Although it goes on to refer to “the mother of men” women in these two lines are neither subsumed nor lesser.

The title page of the second-hand copy of Leaves of Grass I bought.

The title page of the second-hand copy of Leaves of Grass I bought.

Another surprise is the vehement enthusiasm he has for the physical world, the present and the future, humanity and his own body. (Wikepedia says, somewhat coyly, that “there is disagreement among biographers as to whether Whitman had actual sexual experiences with men.”) This is a poet who throws himself at and into the world and revels in his own body in ways that seem home-erotic to me.

In the fifty-second and final part of the poem “Song of Myself” is the line, “I sound my barbaric yawp over the the roofs of the world.” And nobody will, or does, stop and tame him, not in the lines of the poems, anyway.

I have not before come across a poet anything like Walt Whitman. I may have more to say about him.

Holiday With Books

There was beach and catching up with old friends and good food and lovely places as well as the books.

The first of many scenic picnic spots, with Prue, dappled.

The first of many scenic picnic spots, with Prue, dappled.

The birthday pile

The birthday pile – presents from Prue, along with a fifteen-session ticket to Writers’ Week.

The books part began with the birthday pile. And there was one more book for the birthday morning the day after we arrived in Auckland.  A and F were as welcoming as ever and there was catching up over Indian takeaways and wine. I mentioned to them that I was about to do an online course about Walt Whitman and A found a copy of Leaves of Grass that had been given to her mother by the mother’s grandfather and had annotations. Lovely. A also gave me the booklet Howl by Alan Ginsberg that has a poem about Whitman in it that includes the wonderful line, “who killed the pork chops?  and talked about teaching Whitman early in her university career.

At dinner with my son and his girl-friend, he pressed upon me his copy of  Under the Banner of Heaven by Jon Krakauer, which looks into extremes of religious beliefs in he United States. He has had an important influence on my reading, getting  me started on science writers like Jarred Diamond.

When were further north, at Martin’s Bay, another A asked if I could explain to her why she likes some poets and not others. I’ve thought of a better answer since we left that goes something like this. There’s what the poem is about and there’s the words the poet has used. If either the content or the language strike a chord with me I like the poem. And if both what is said and how it is said come together to express something that really resonates with me I fall in love with the poem. Hardly profound, but I’m pleased that A set me off to thinking about it.

Prue with A (hidden) at Martin's Bay

Prue with A (hidden) at Martin’s Bay

On the way back to Auckland we stopped off to see E and B. There was a copy of The Luminaries sitting on a sofa, so of course, among all the other conversation we talked about that. Back at A and F’s The Luminaries came up again and they resolved to buy and read it.

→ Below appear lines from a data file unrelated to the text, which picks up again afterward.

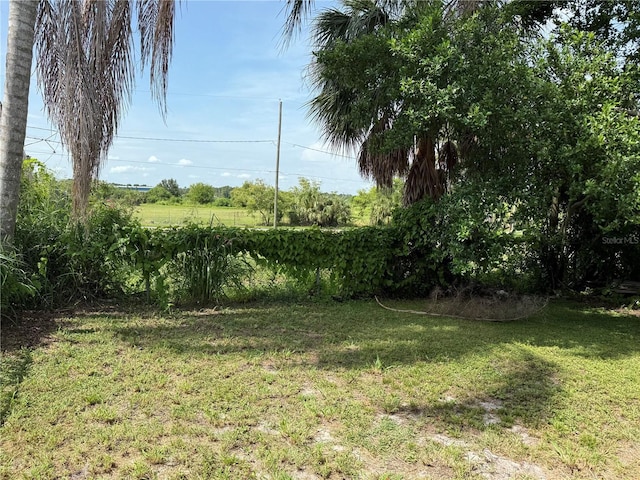 724 Ave D SW, Winter Haven, FL 33880 - view of grassy yard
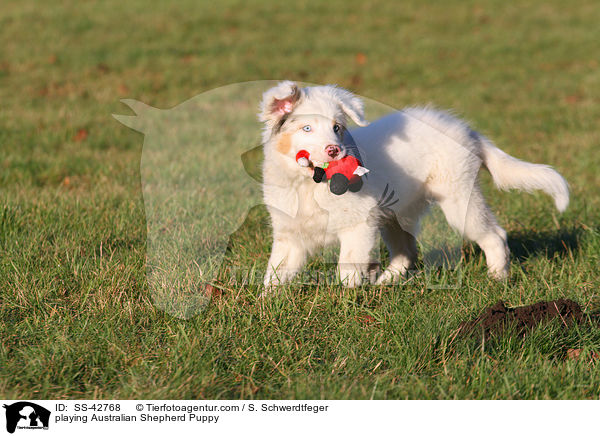 spielender Australian Shepherd Welpe / playing Australian Shepherd Puppy / SS-42768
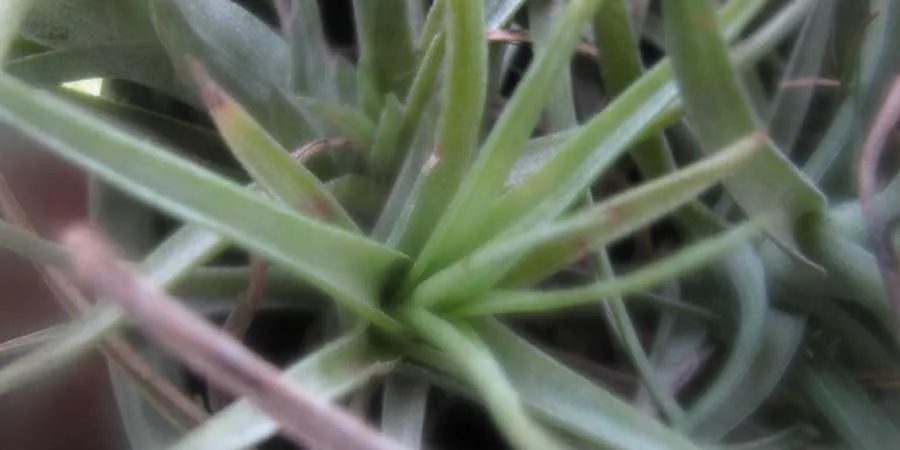 Why air plants keep dying Why air plants keep dying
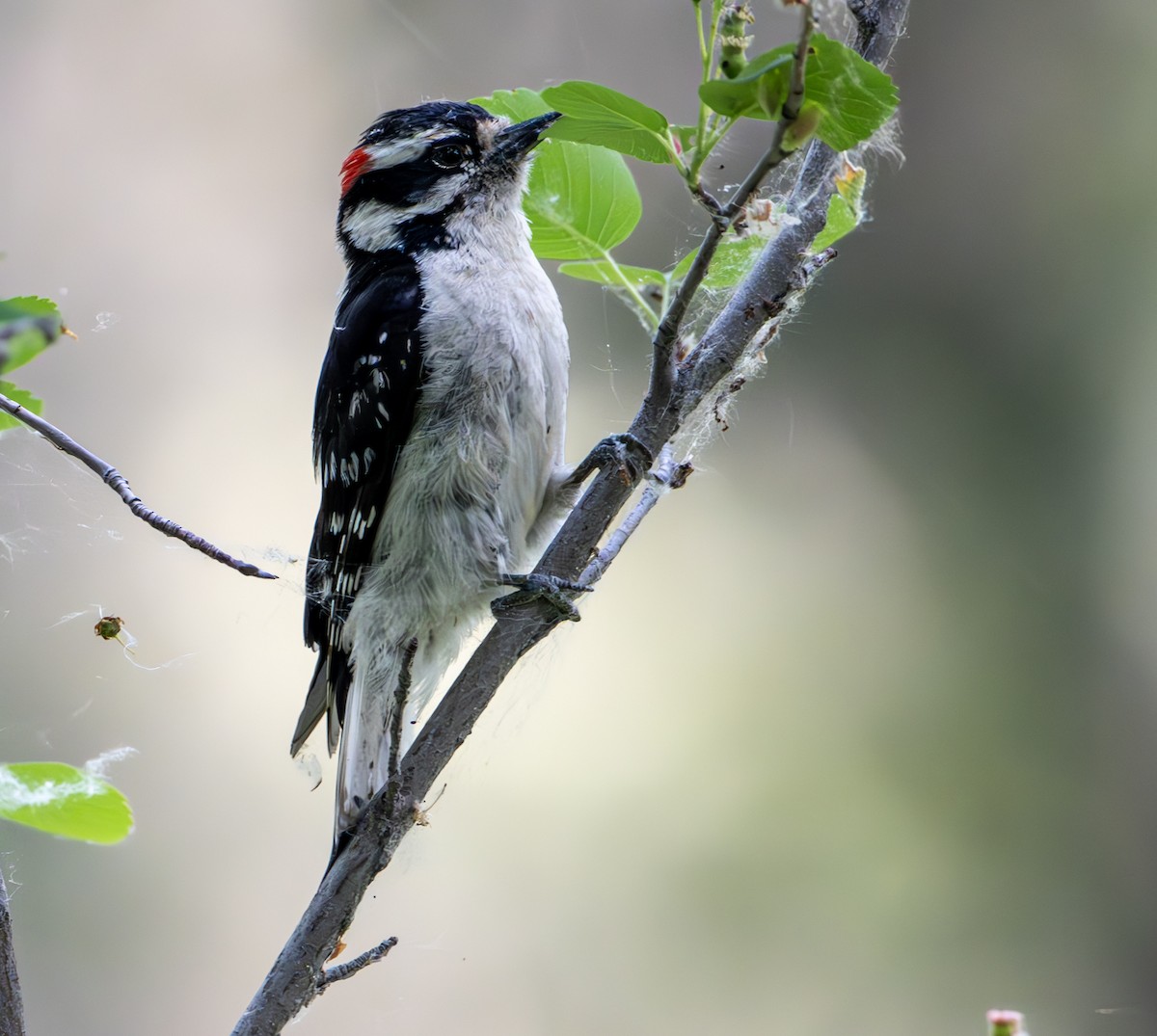 Downy Woodpecker - ML637279060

At dinner, prepared by A and F for six of us, J said that at the suggestion of a friend she was re-reading Three Women by Marge Piercy and moved by writing about caring for someone who had has a stroke, as she and her sister do their very best for and with their mother who has been severely incapacitated by a stroke. H talked about researching family history and delving into The Coming of the Pakeha to Auckland Province. We went to a party with A and F, and E, who I know only slightly, said how she had got some of my novels from the library and they had been a welcome and pleasant distraction from some difficulties over the summer. I liked hearing that. And later, an email from C, visiting from the UK, to whom I had given a copy of where the heArt is, saying how she had enjoyed it and making some thoughtful comments.

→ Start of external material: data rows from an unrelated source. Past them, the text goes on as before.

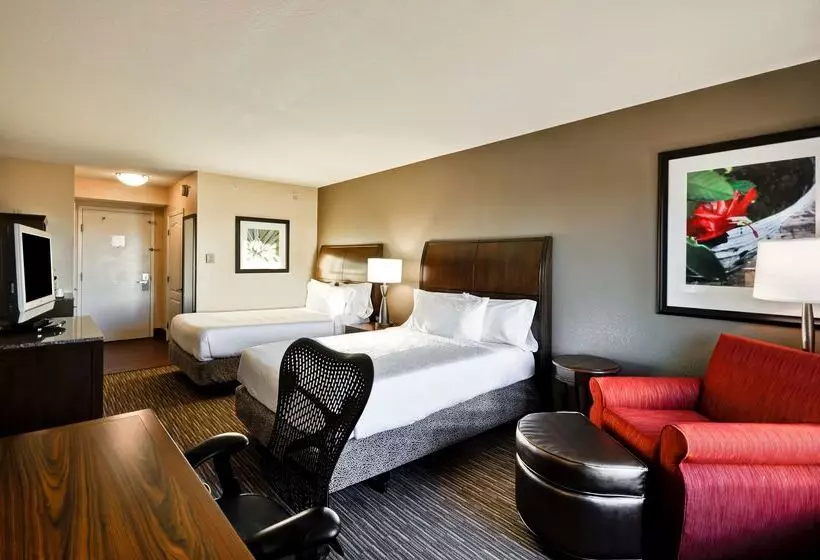 هتل Hilton Garden Inn Tampa North Busch Gardens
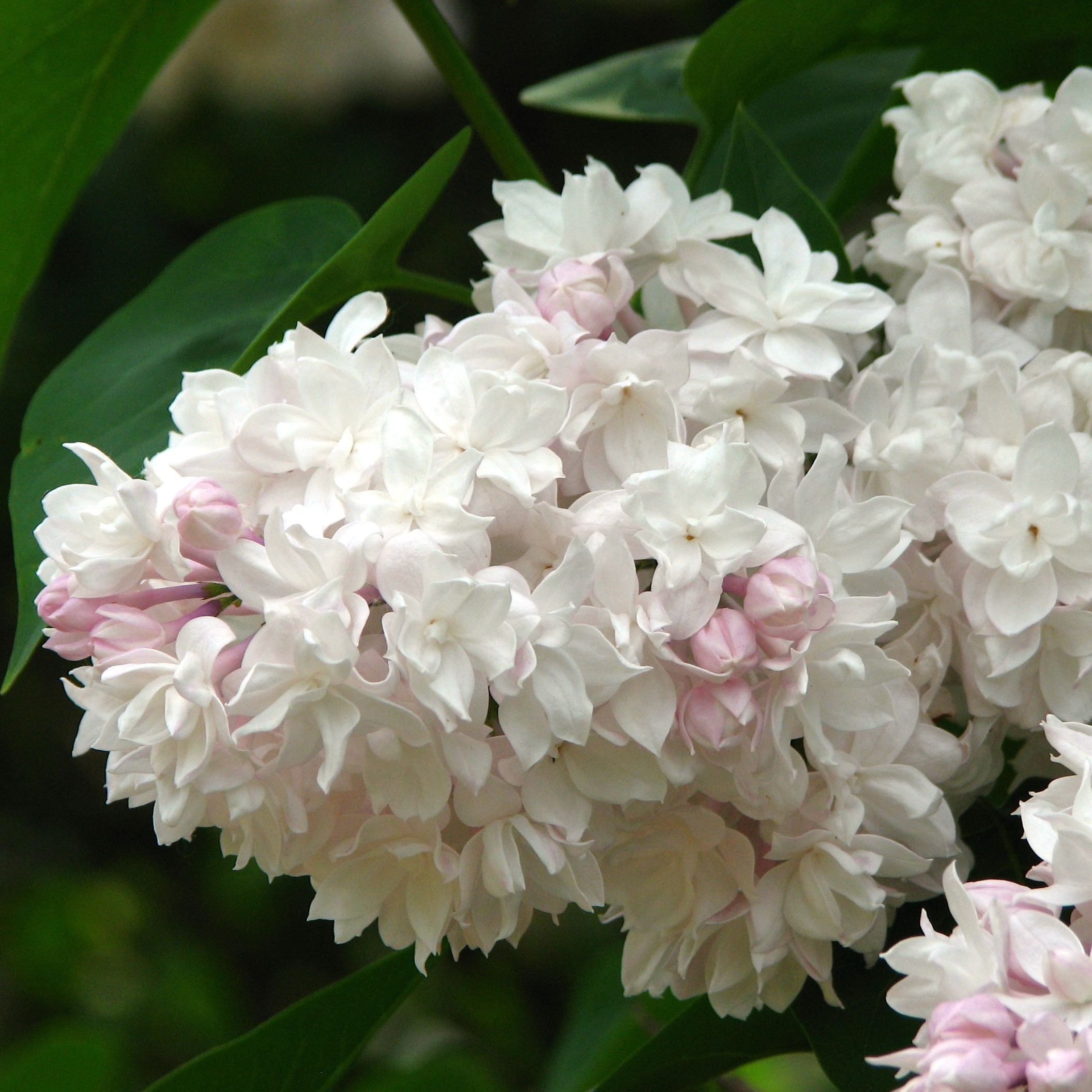 Сирень обыкновенная Красавица Москвы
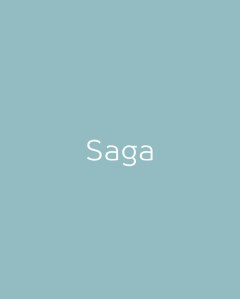 Saga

I finished The Flamethrowers, which I referred to last week, and ended up liking it more by the end. Author Rachel Kushner is coming to Writers’ Week in Wellington soon and I shall go and hear her. The other book I’ve read this holiday, also from the birthday pile, is Rachel Joyce’s The Unlikely Pilgrimage of Harold Fry. Harold sets out to post a letter and ends up walking the length of England to see the dying woman to whom the letter is addressed. This story could so easily have been mawkish, and it isn’t, it’s about regret and guilt and how what we do, or don’t do, determines what we think of ourselves and hence how we behave. It’s a lovely story, well told.

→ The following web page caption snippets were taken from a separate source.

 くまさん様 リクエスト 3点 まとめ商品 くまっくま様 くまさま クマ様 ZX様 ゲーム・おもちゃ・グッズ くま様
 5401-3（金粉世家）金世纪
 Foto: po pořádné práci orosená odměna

One of many Coromandel panoramas.

One of many Coromandel panoramas.

On Prue’s mind is on a contract she has recently signed to undertake another left-wing-feminist-economics book for a NZ publisher’s Ebook series.  She and I are both resolving to do serious writing from April, when other commitments and The Wellington International Arts Festival are over. On the drive home we each talked at length about our writing projects and the kilometres flew by.